EXERCISE OBJECTIVE: Copy only those lines which run from the line containing "レオパレスカーサドマーニの外観画像" to the end of the entries below, both inclusive, exactly as written and with no pictures.

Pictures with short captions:
* * *

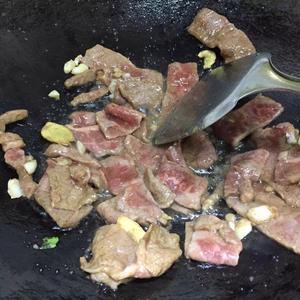 云南小瓜（西葫芦）炒肉片的做法 步骤7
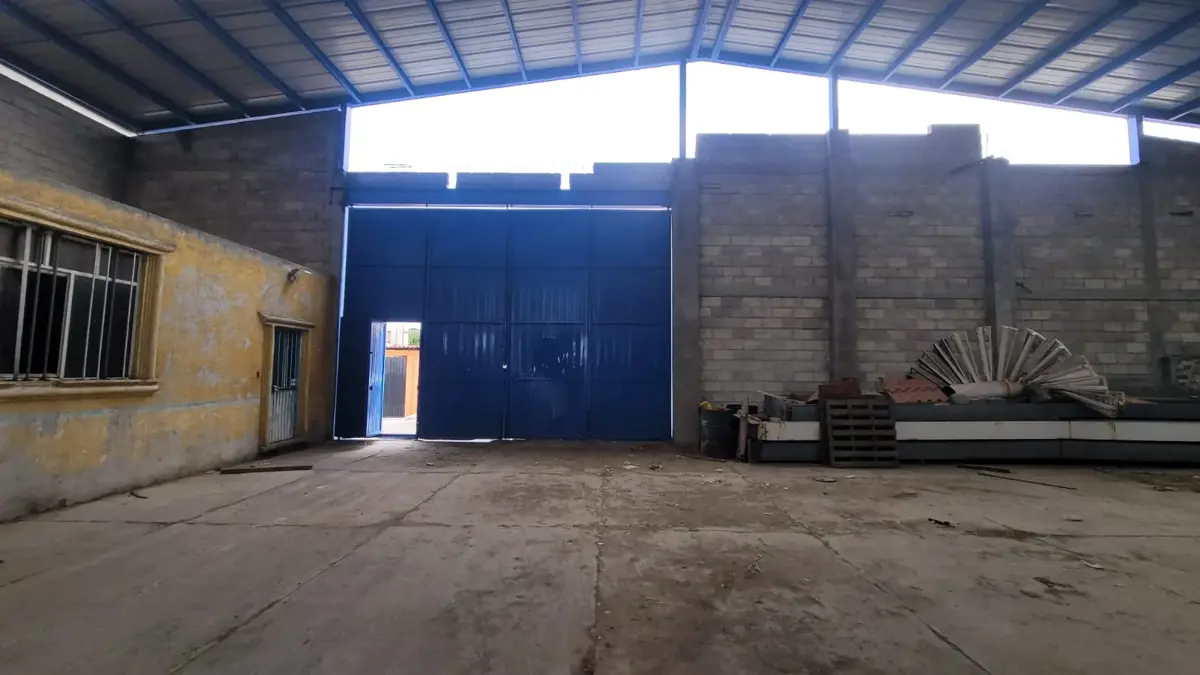 Bodega en renta en Pedregal de San Juan, San Juan del Río — foto 1 de 12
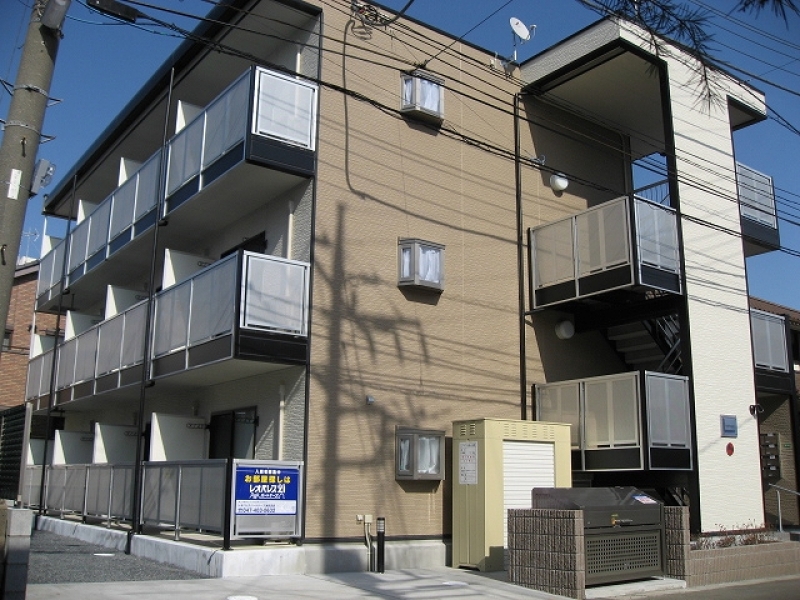 レオパレスカーサドマーニの外観画像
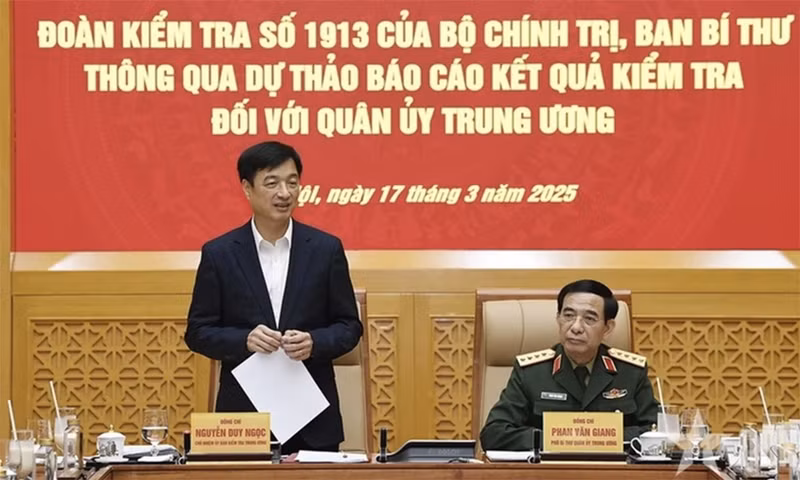 越共中央政治局委员、中央书记处书记、中央检查委员会主任、检查团团长阮唯玉在会上发表讲话。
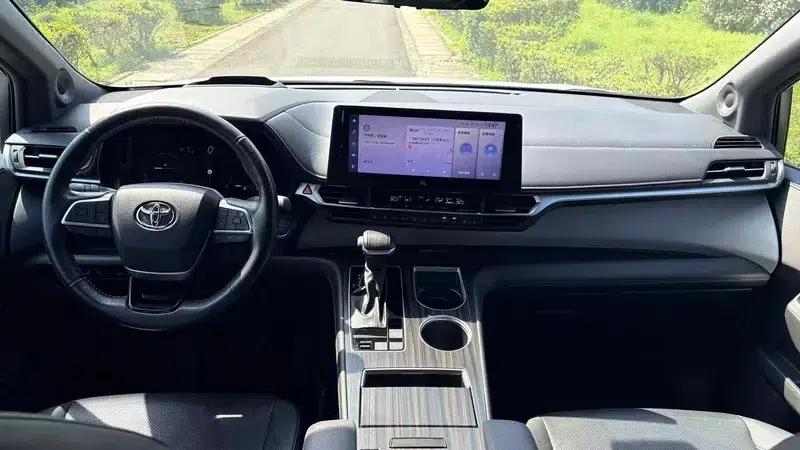 2023 Grevia Intelligent Hybrid Dual Engine 2.5L Premium PLUS — миниатюра 9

* * *

COMPLETED EXERCISE:
 レオパレスカーサドマーニの外観画像
 越共中央政治局委员、中央书记处书记、中央检查委员会主任、检查团团长阮唯玉在会上发表讲话。
 2023 Grevia Intelligent Hybrid Dual Engine 2.5L Premium PLUS — миниатюра 9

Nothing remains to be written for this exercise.